Whether investing in Developer Advocacy teams or supporting Events, the Developer Community is vital for engineers. You need a place where you can turn to ask questions and get advice. You can also share your insights and help others along the way. As time passes, your network will continue to grow, and you’ll become a better engineer. Investing in the Developer Community is essential, regardless of your skill level.

This article discusses the changes in the AWS Developer Advocacy team and our experiences at ServerlessDays Belfast.

ServerlessDays Belfast Recap

ServerlessDays Belfast had a Titanic theme this year. We located the event at the Titanic Hotel, where Belfast’s engineering history made for an excellent atmosphere. The big takeaway from ServerlessDays Belfast is that there’s way more adoption. The level of the talks, interactions, and experience is very high.  We are taking away five or six things to look into.

There was a significant Developer Community aspect to the event. Everyone, from beginners to seasoned experts, had excellent and meaningful conversations. It’s not just the talks but also the conversations on the side, and the venue helped a lot with that. It was a great day and impactful. Anyone there got a lot out of it, and there was a buzz and energy. It was a very successful day, so well done!

Building Beyond Boundaries and the Developer Community 

ServerlessDaysBelfast.com has all the details and content, and we have published videos of the talks. The theme was ‘Building Beyond Boundaries’. We wanted to raise the bar and use the Harland and Wolff Shipyard and Titanic story. And the fact that Titanic was built in Belfast 120 years ago. Harland and Wolff built something like 1500 ships and ocean liners. So it was a centre of engineering 100 years ago. It was great to bring that back around to what we do. The Titanic Hotel team inspired our audience with stories of what happened versus what we do now..

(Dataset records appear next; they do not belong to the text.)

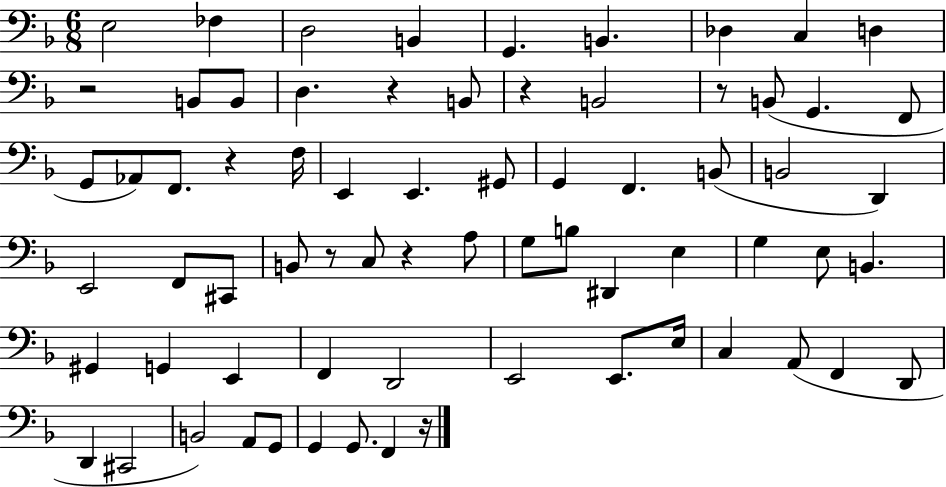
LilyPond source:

{
  \clef bass
  \numericTimeSignature
  \time 6/8
  \key f \major
  \repeat volta 2 { e2 fes4 | d2 b,4 | g,4. b,4. | des4 c4 d4 | \break r2 b,8 b,8 | d4. r4 b,8 | r4 b,2 | r8 b,8( g,4. f,8 | \break g,8 aes,8) f,8. r4 f16 | e,4 e,4. gis,8 | g,4 f,4. b,8( | b,2 d,4) | \break e,2 f,8 cis,8 | b,8 r8 c8 r4 a8 | g8 b8 dis,4 e4 | g4 e8 b,4. | \break gis,4 g,4 e,4 | f,4 d,2 | e,2 e,8. e16 | c4 a,8( f,4 d,8 | \break d,4 cis,2 | b,2) a,8 g,8 | g,4 g,8. f,4 r16 | } \bar "|."
}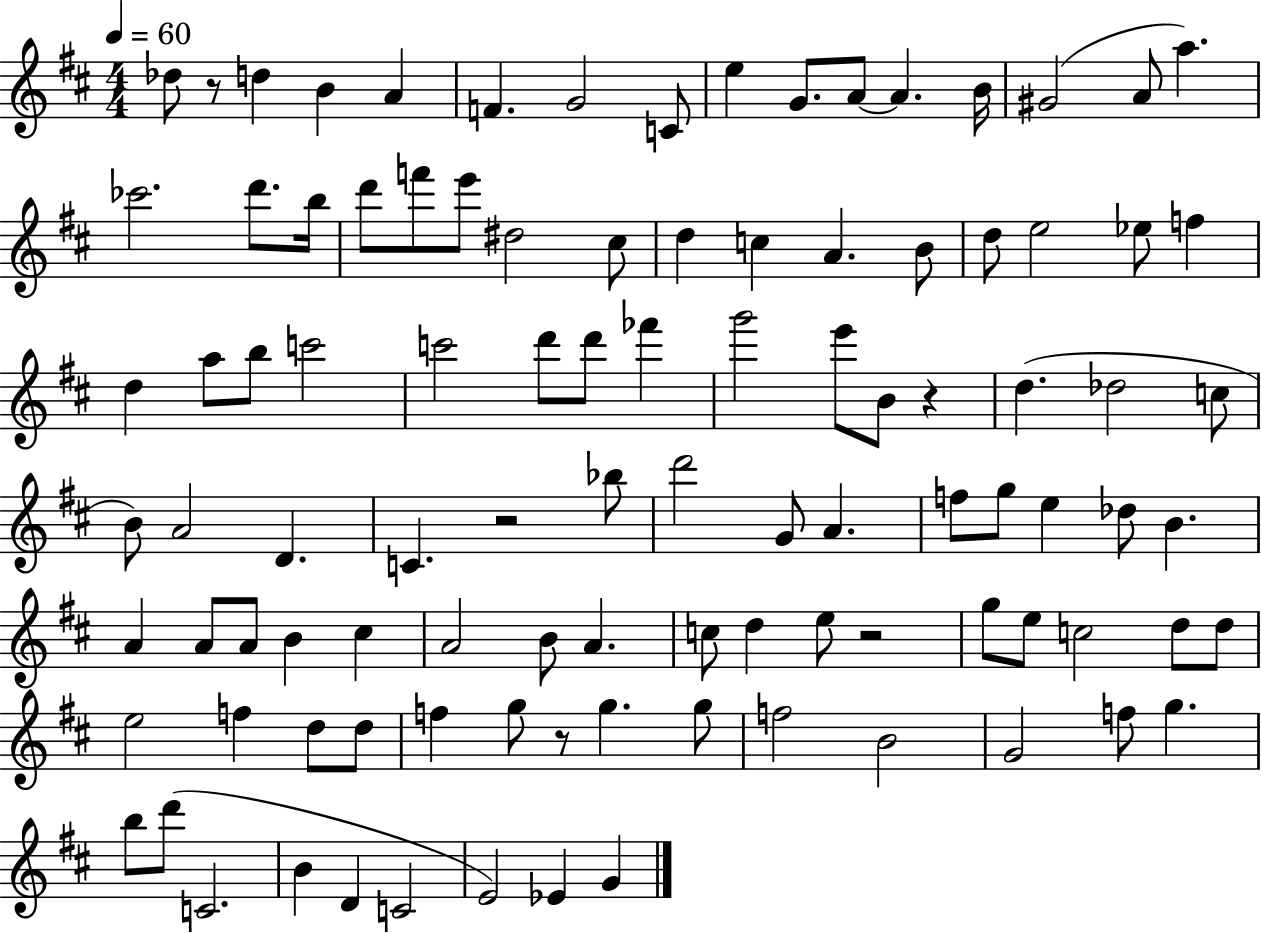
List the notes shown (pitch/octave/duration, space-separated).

Db5/e R/e D5/q B4/q A4/q F4/q. G4/h C4/e E5/q G4/e. A4/e A4/q. B4/s G#4/h A4/e A5/q. CES6/h. D6/e. B5/s D6/e F6/e E6/e D#5/h C#5/e D5/q C5/q A4/q. B4/e D5/e E5/h Eb5/e F5/q D5/q A5/e B5/e C6/h C6/h D6/e D6/e FES6/q G6/h E6/e B4/e R/q D5/q. Db5/h C5/e B4/e A4/h D4/q. C4/q. R/h Bb5/e D6/h G4/e A4/q. F5/e G5/e E5/q Db5/e B4/q. A4/q A4/e A4/e B4/q C#5/q A4/h B4/e A4/q. C5/e D5/q E5/e R/h G5/e E5/e C5/h D5/e D5/e E5/h F5/q D5/e D5/e F5/q G5/e R/e G5/q. G5/e F5/h B4/h G4/h F5/e G5/q. B5/e D6/e C4/h. B4/q D4/q C4/h E4/h Eb4/q G4/q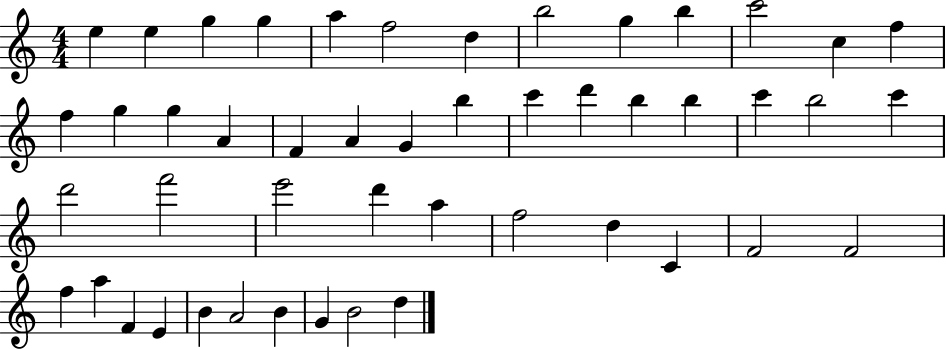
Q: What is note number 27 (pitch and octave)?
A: B5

As we will discuss later, it’s hard to measure the impact of an event like ServerlessDays Belfast. You get 200-300 people in a room talking, learning, enjoying themselves and getting a bit of a spring in their step. It’s hard to put $1 amounts on what they bring back into their teams. It costs £60 per ticket and a day off work, which is not expensive. But what you get from that, as an engineer, when you return to your office is off the scale.

The importance of Developer Community events for engineers

There are low barriers to adopting what you hear or learn about at events like ServerlessDays. You may hear about a company adopting step functions, for example, and you can take that away and try it. However, you don’t need licencing or installation or an outlay of expense to get started. You can act on wondering if that’ll work in your context, company or for the problem you are trying to solve. So, the feedback loop from the content, speakers, and great ideas, and how you apply them to your ecosystem, context, and company, is tight.

Measuring those little nuggets of wisdom’s impact on junior or well-seasoned engineers is hard. They’ll take lots away and apply it to their business. And you may never hear how successful it was. Brilliant engineers are curious and learn from other people. If you put a brilliant engineer in a silo and ask them to build by themselves, they’ll probably mess it up. You’ve got to be curious, look outside your space, and be influenced and inspired by others. That’s how it works.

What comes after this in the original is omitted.